Merging embedded and application development
As software spreads into more and more devices, the previously separate worlds of embedded and application development are merging
Embedded systems now increasingly combine traditional device level software with application code – in the same product. However, application developers don’t always have access to the same level of debugging tools as their embedded colleagues.
From Walkman to iPhone
For a good example of how things have changed, take the portable music player. The original Sony Walkman of 1979, which played cassette tapes, was purely mechanical. As it evolved and added a LCD display, an embedded microcontroller was needed, with code running on the bare metal of the device. Next, as functionality and complexity increased, an embedded Real-Time Operating System (RTOS) was required to manage drivers, schedulers and sensors.

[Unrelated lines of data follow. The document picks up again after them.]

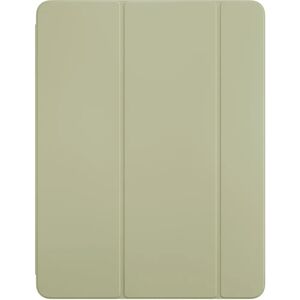 Apple Smart Folio for iPad Air 11 (2024) - Sage Apple Smart Folio for iPad Air 11 (2024) - Sage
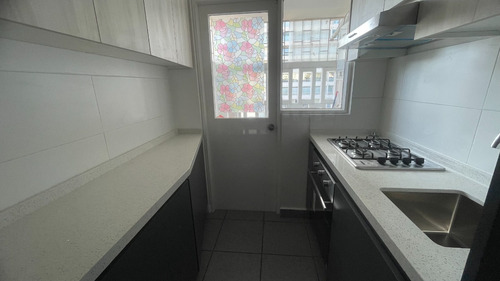 Arriendo Departamento 3D 2B 1E Libertad - Vi&ntilde;a Del Mar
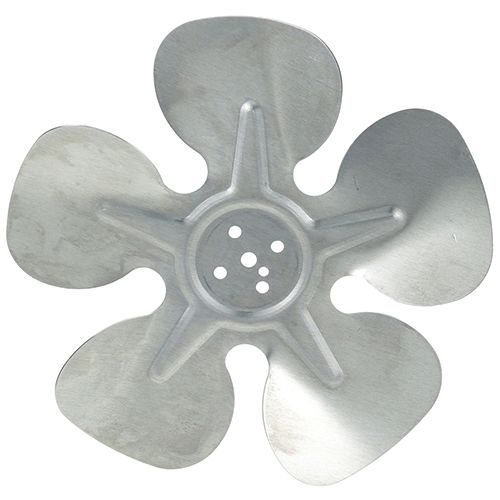 Beverage Air 405-033A Fan Blade 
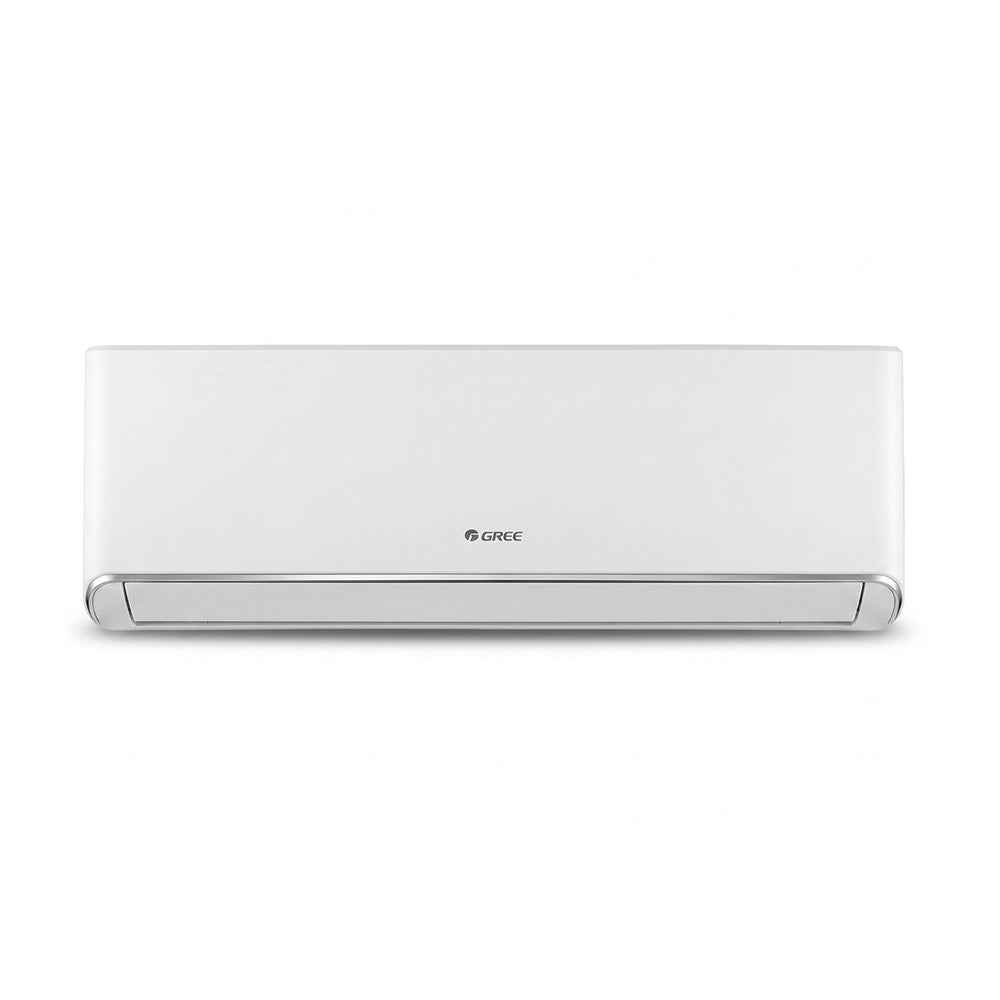 GREE 1.0 TON T3 INVERTER AC Model GS-12AITH21W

Fast forward to the classic iPod and the device is running a full blown operating system that manages memory, scheduling, the user interface and application code. While much of the software is still system code, the percentage of application development is beginning to grow. When you get to an iPhone then the roles of embedded and application code have swapped around completely from early iPods. By my calculations, just 20% of the code is system level (running the more involved bits of the operating system), while 80% is application code. Architecturally, modern consumer electronics gadgets look awfully like a regular computer.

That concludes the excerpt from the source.